Friends and Enemies

Let’s face it – most end-of-the-year school programs naturally cause us to not only reflect upon the passage of time, but also force us to look at our children in comparison to all the others. Sure, we tell each other that we shouldn’t measure our children against our friends’ children and that each child is unique….

But seriously folks, who really listens to that nonsense? I think we all do it in different ways.  Some do it to make sure we are doing things right and some do it to make sure everyone else is doing it wrong-er.   There are countless opportunities to engage in this hobby –  class parties, graduations, awards ceremonies, end-of-the-year banquets.

This year, the juxtaposition of two happenings has me stuck in my own head.
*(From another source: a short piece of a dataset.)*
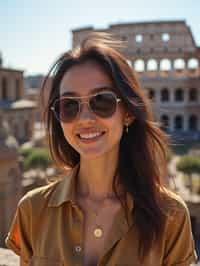 woman as digital nomad in Rome with the Colosseum in the background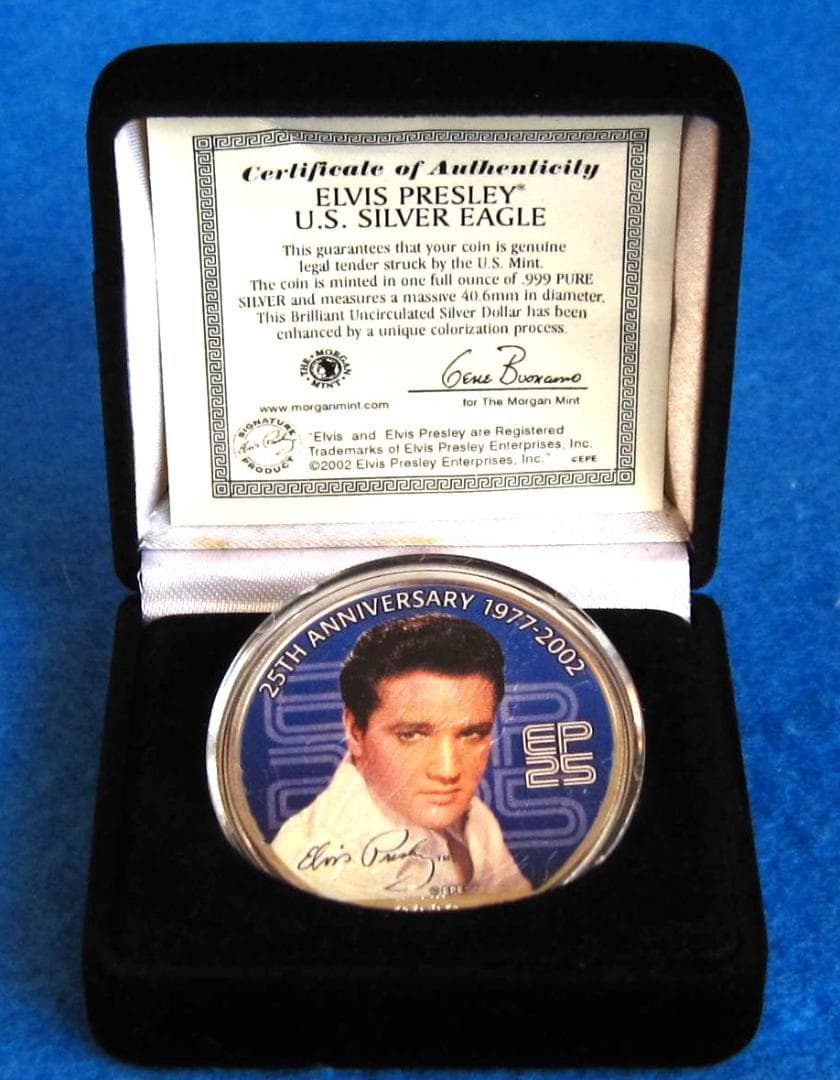 アメリカンシルバーイーグルカラー 1オンス銀貨 E・プレスリー25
Sophie was given an award for being one of the most physically fit children on Planet Earth.  Along with a steady year of high honor roll, there is nothing more a parent could ask for.  She is not only a bright shining star in the classroom, a leader of the pack, she does it with abs of steel and a heart-rate to shame us all.  She does this because of who she is and not because of our parenting.

A day later, Max performed in a  school play. It was an elaborate attempt to entertain, educate and include everyone. The teachers did a wonderful job and the kids worked very hard even as they were being boiled to death by the heat. However, as I stood/sat/stood/sat in the gymnasium feeling nauseous from that heat, I noticed how different Max really is. While I think about his CP all the time, I write about it when I am motivated, and act on it everyday, thankfully I forget it when I am with him.  However, on a stage of hundreds of 2nd graders, he is is the only one with leg braces, the only one who cannot walk and the only one who looks the way he does. For him to get on that stage to be part of the group, he needs divine intervention.  Merely standing for an hour, saying his one line and pretending to actually sing the songs is a miracle of biblical proportions.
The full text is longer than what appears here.